If team members disagree, slow down. Accumulate information with patience, allow for silence (30 seconds), and do not jump to decisions/solutions too soon. You have to slow down, but once you do it, you will speed up because you will not run into the same problem over and over again.

Jean then covers the ORID principle or the What? Gut, So What? NowWhat?

Objective: Give me the data. No emotion. Who what when where

Reflective: Giving all the what, how is your reaction?

Interpretive: What could be possible interpretations of how we might move forward

Deciding: Now that we have all this information what do we do?

Jean also suggest applying ORID even one on one: what did we get done today? What was challenging about that or easy about that? What could that mean about how we work together? What might we do differently the next time?

Next Jean covers the importance of closing meetings. She suggests reviewing the purpose and agenda, processing issues in the parking lot, and personal objectives, conducting action planning and communication planning, and evaluating the event through a retrospective

Jean mentions an interesting statistic about stand up meetings from Harvard business review: teams take 34% less time n a meeting to come to the same quality decision if they are standing instead of setting.

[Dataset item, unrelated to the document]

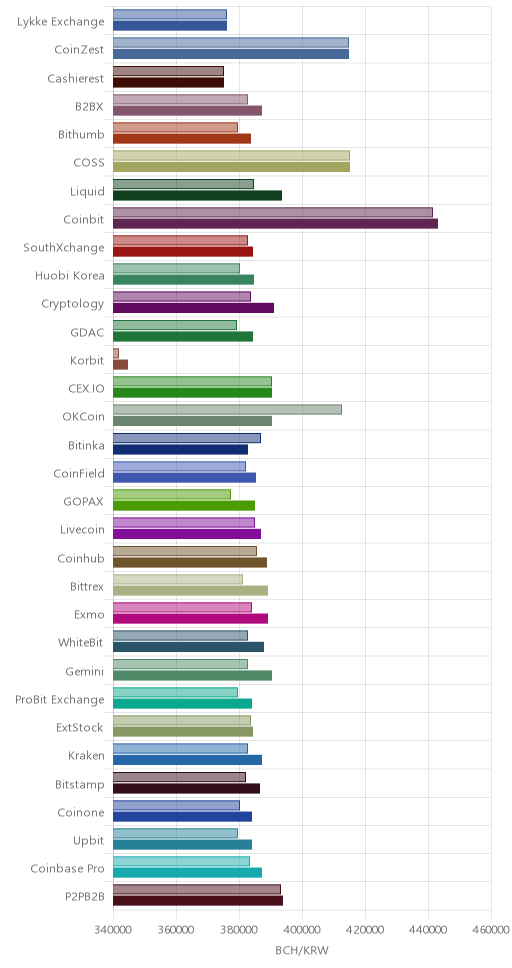 거래소별 비트코인 캐시 시황(위 1시간전, 아래 현재)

Next Jean refers to the book Creative Whack Pack for some ideas on making meeting more interesting and entertaining. She recommends changing your point of view or reversing point of views. What would I say as a tester vs. a developer? Think about what a 6 year old would say about your project? What would a court jest way about our project? Have others defend the opposite approach. What won’t work in your idea? What are you willing to let go of?

To make things fun, Jean recommends New rituals and ceremonies for punctuation. Examples are haikus, bells, frog zip, and zen stories. Or open a book, point to a word and see what it has to do with your project. Or bring guest speakers from outside not technical). Also, metaphors are stimulants. Use it to stimulate creativity.

Finally, after a quick review, Jean asks us to list the top 3 ideas we are willing to take back with us. Go for it!